Start of Excerpted records
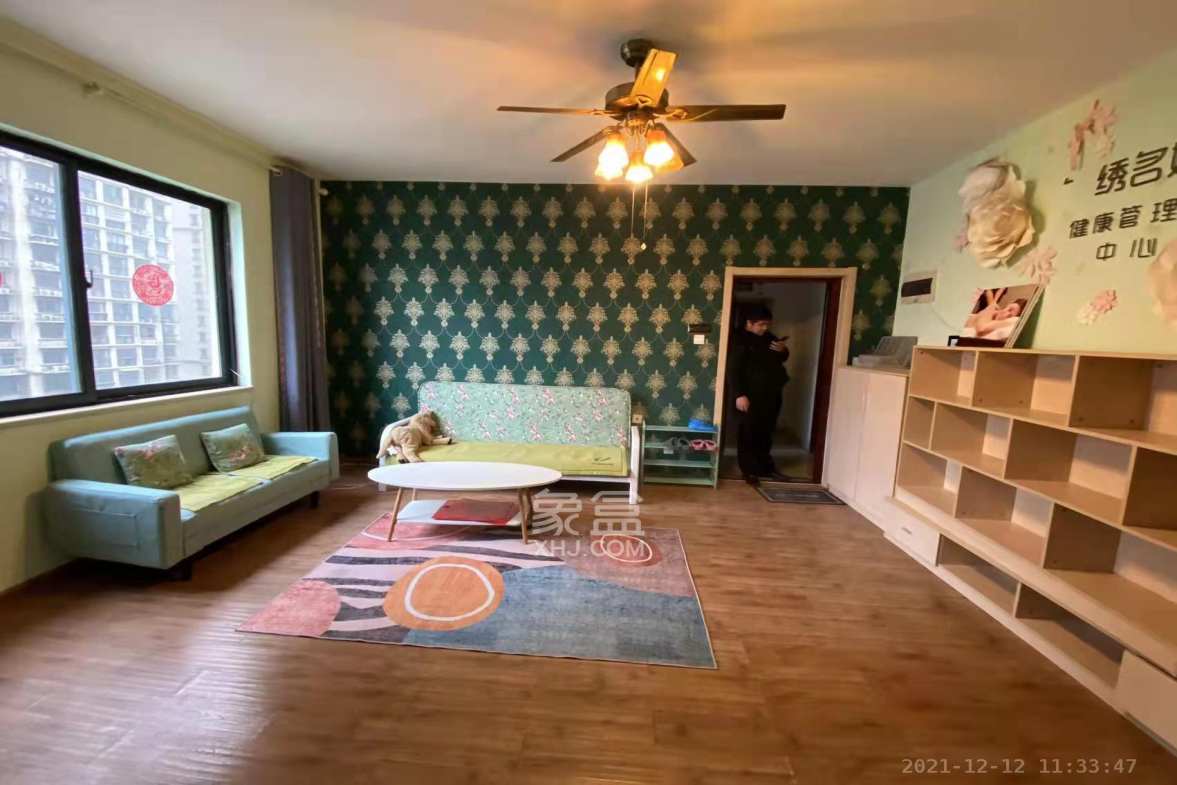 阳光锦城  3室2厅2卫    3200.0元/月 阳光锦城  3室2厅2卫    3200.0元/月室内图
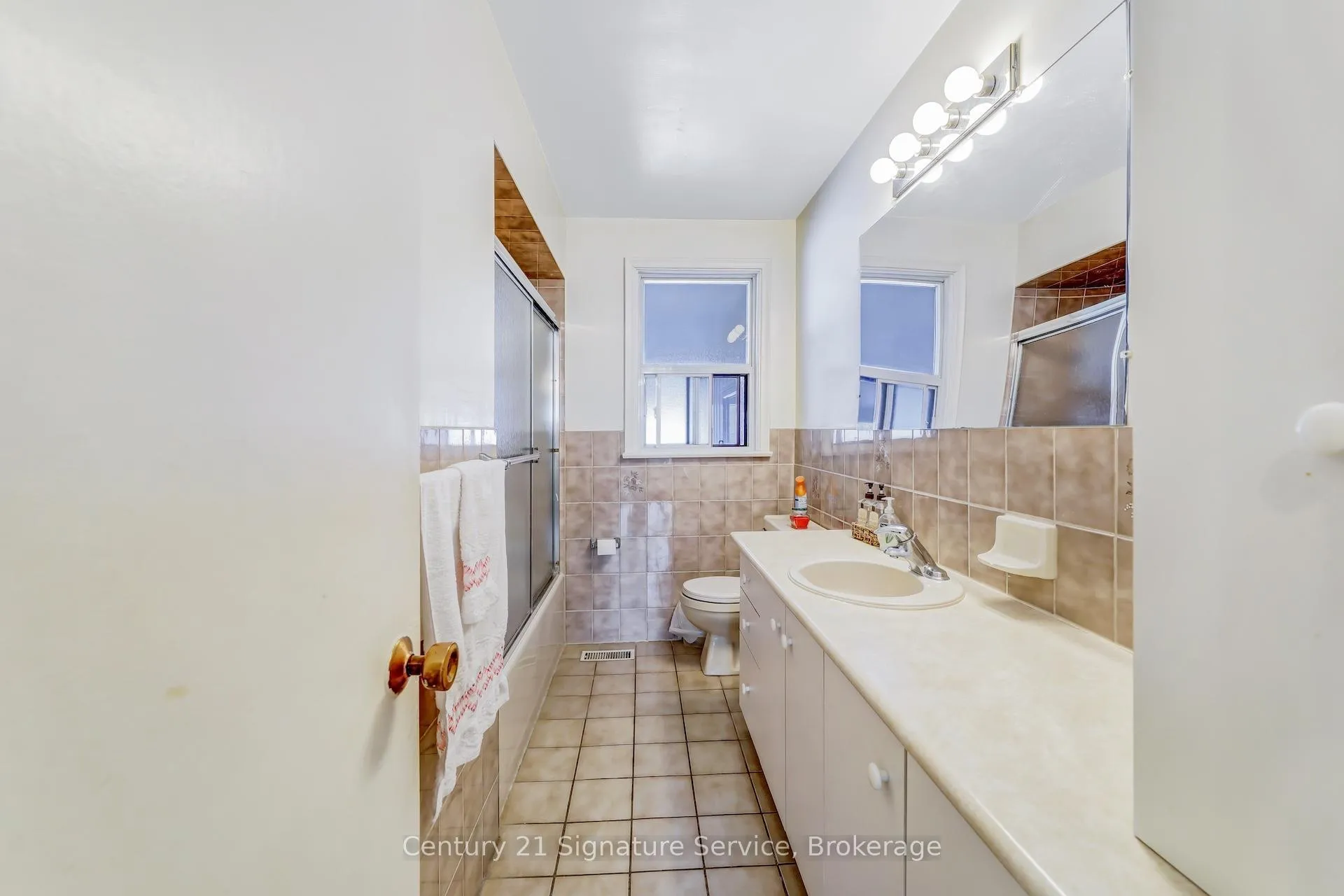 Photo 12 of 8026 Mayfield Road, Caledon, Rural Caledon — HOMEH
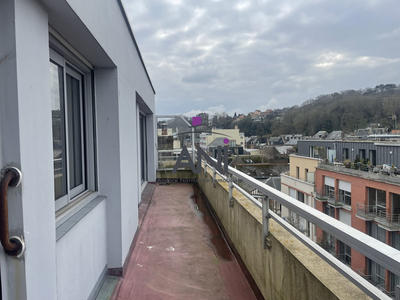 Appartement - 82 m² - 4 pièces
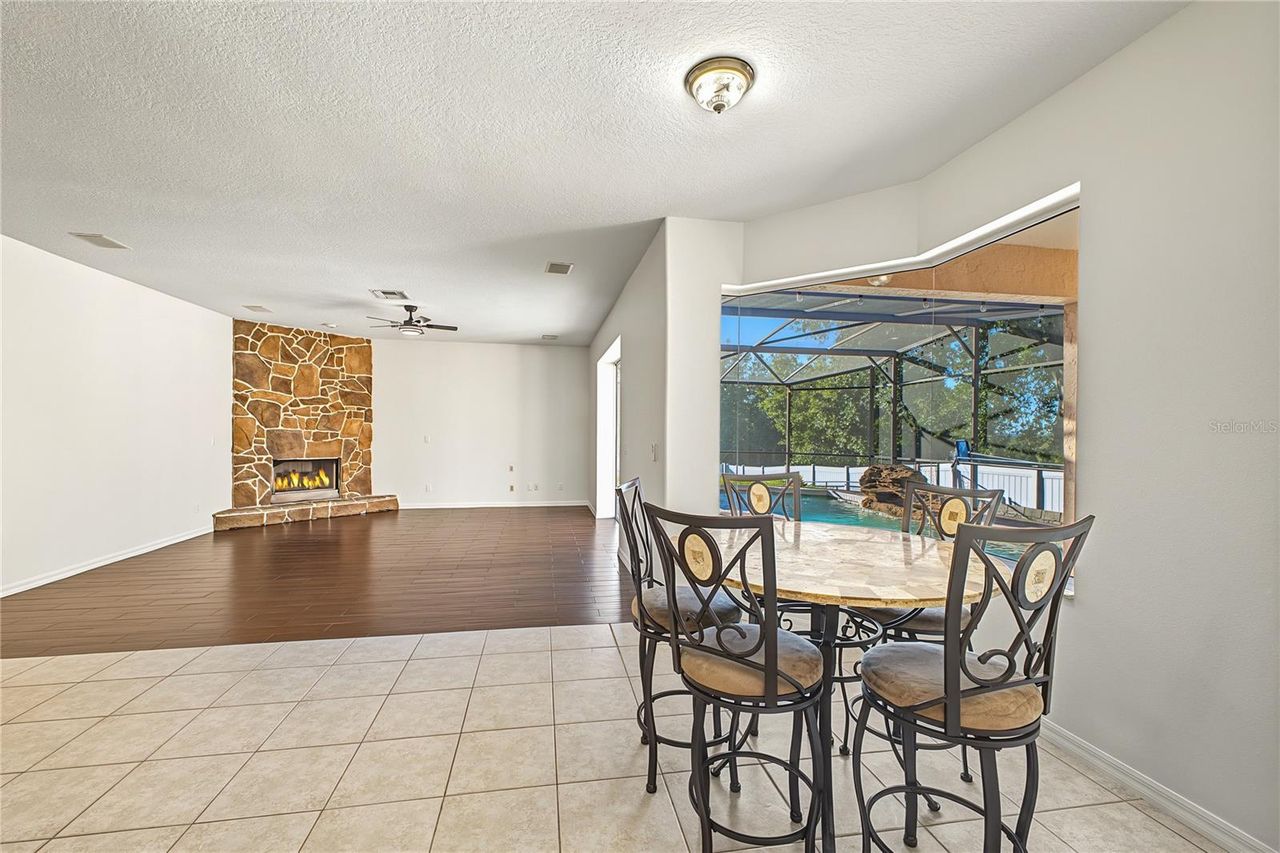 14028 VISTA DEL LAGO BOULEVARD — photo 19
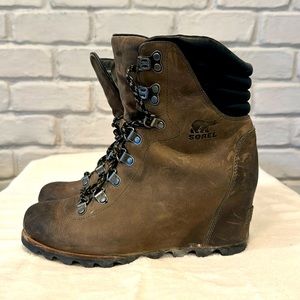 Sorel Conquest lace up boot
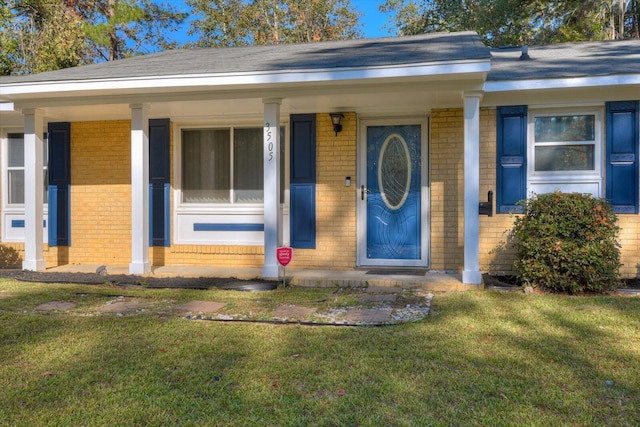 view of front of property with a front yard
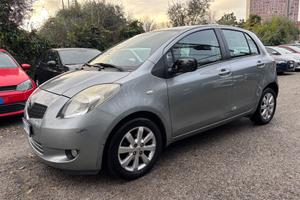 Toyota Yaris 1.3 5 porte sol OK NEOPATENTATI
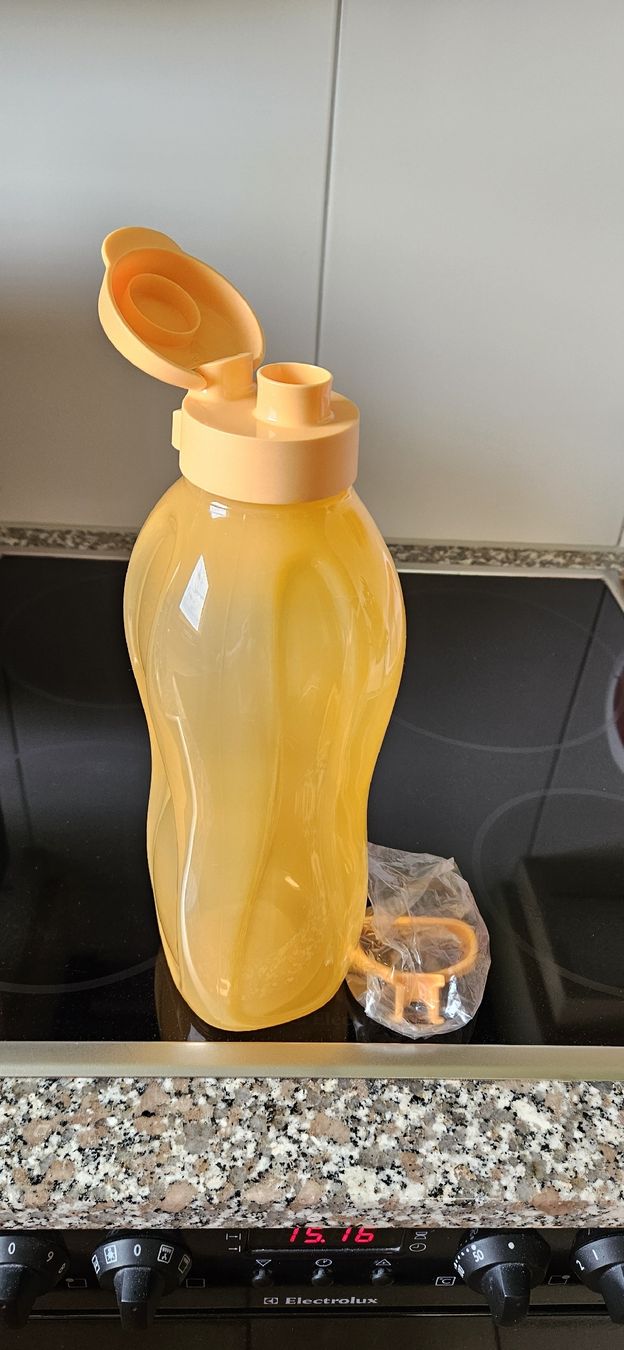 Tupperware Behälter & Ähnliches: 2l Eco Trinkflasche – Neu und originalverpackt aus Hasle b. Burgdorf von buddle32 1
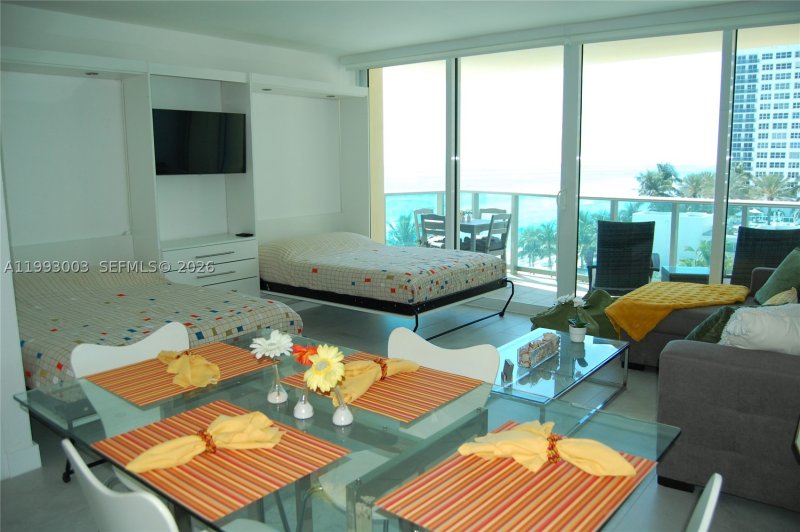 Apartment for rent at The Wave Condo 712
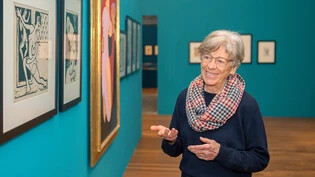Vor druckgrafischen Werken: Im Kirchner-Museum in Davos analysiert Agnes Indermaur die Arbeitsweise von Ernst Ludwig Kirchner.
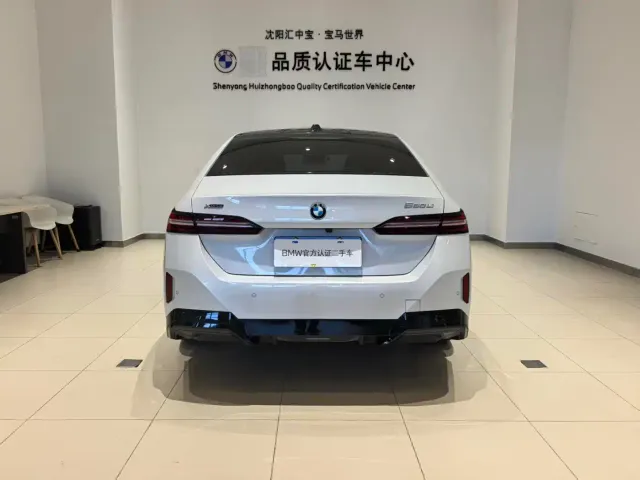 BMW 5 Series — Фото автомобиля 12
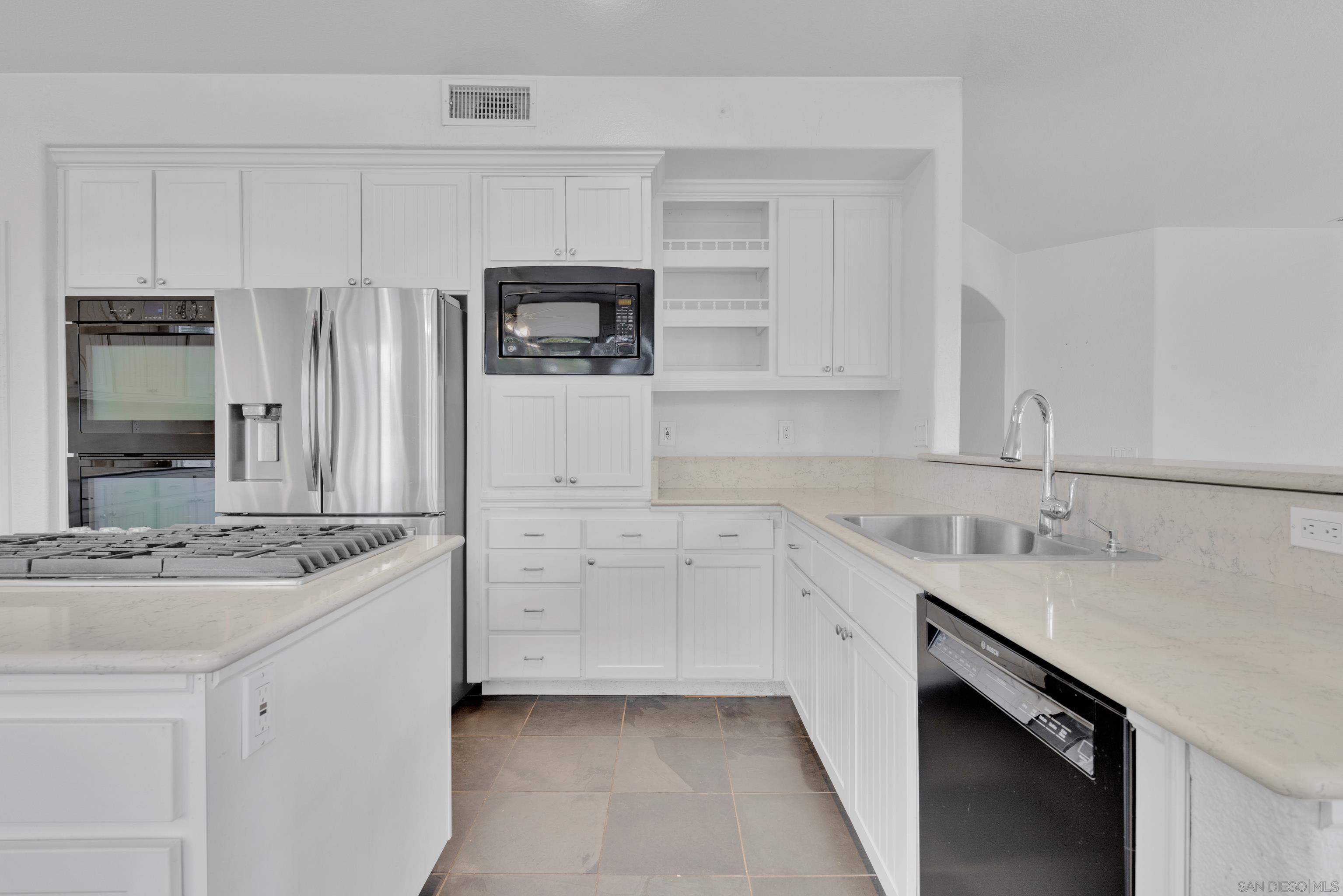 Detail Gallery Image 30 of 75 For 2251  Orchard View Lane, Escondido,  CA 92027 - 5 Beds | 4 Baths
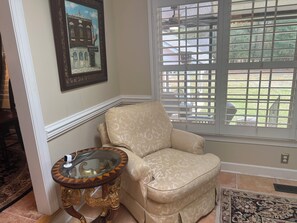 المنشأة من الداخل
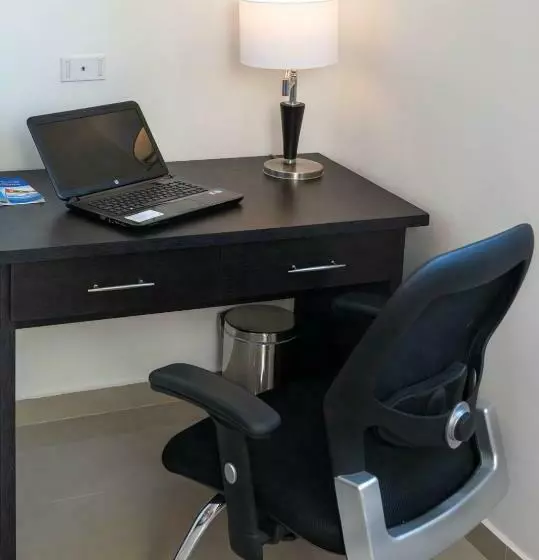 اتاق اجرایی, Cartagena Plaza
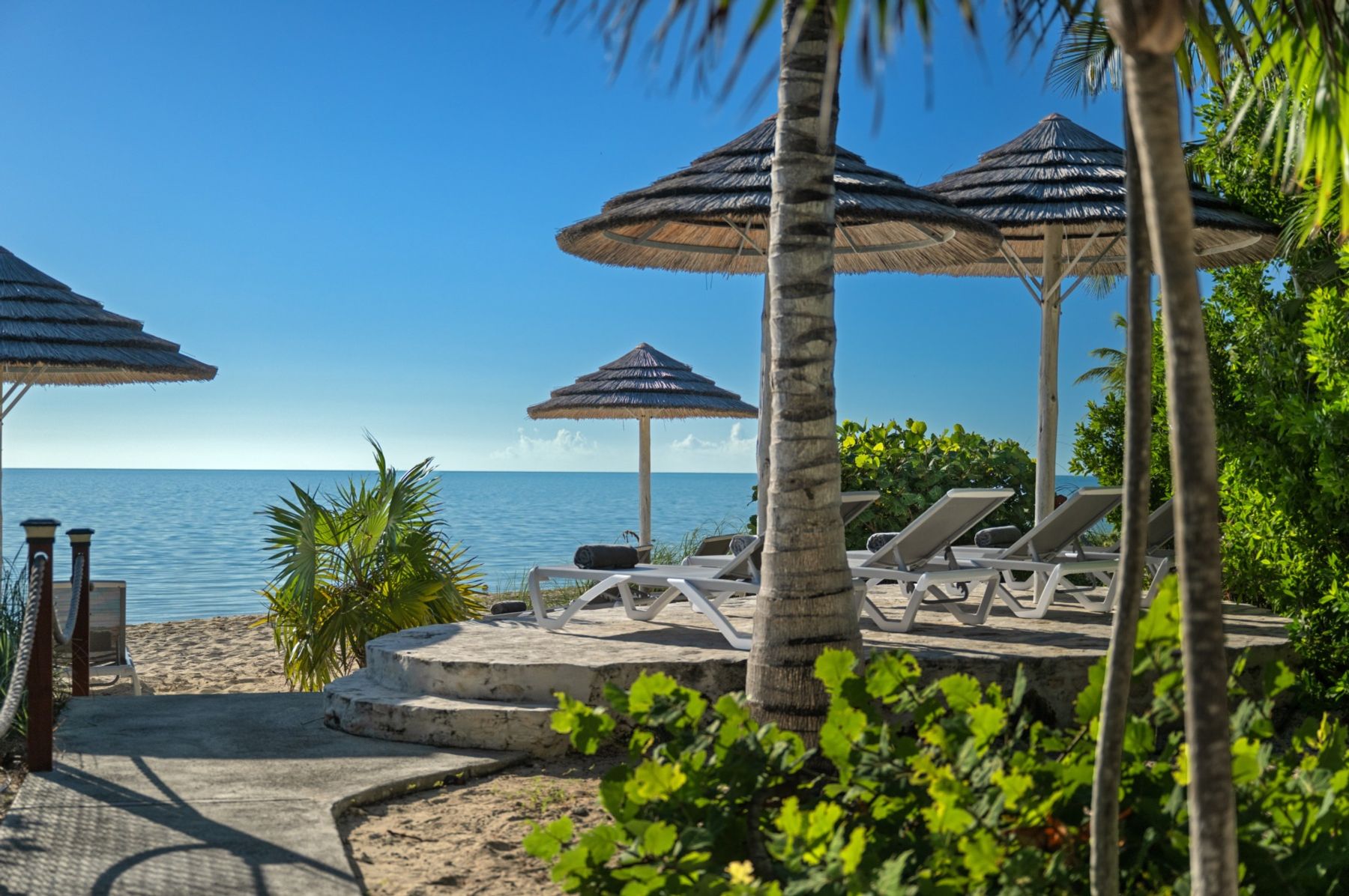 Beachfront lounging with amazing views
End of Excerpted records
§ **Work request**: All lines from the line containing "Detail Gallery Image" through the end of the listing above are to be given again exactly; pictures are not part of the copy.

§ **Answer for the task**:
 Detail Gallery Image 30 of 75 For 2251  Orchard View Lane, Escondido,  CA 92027 - 5 Beds | 4 Baths
 المنشأة من الداخل
 اتاق اجرایی, Cartagena Plaza
 Beachfront lounging with amazing views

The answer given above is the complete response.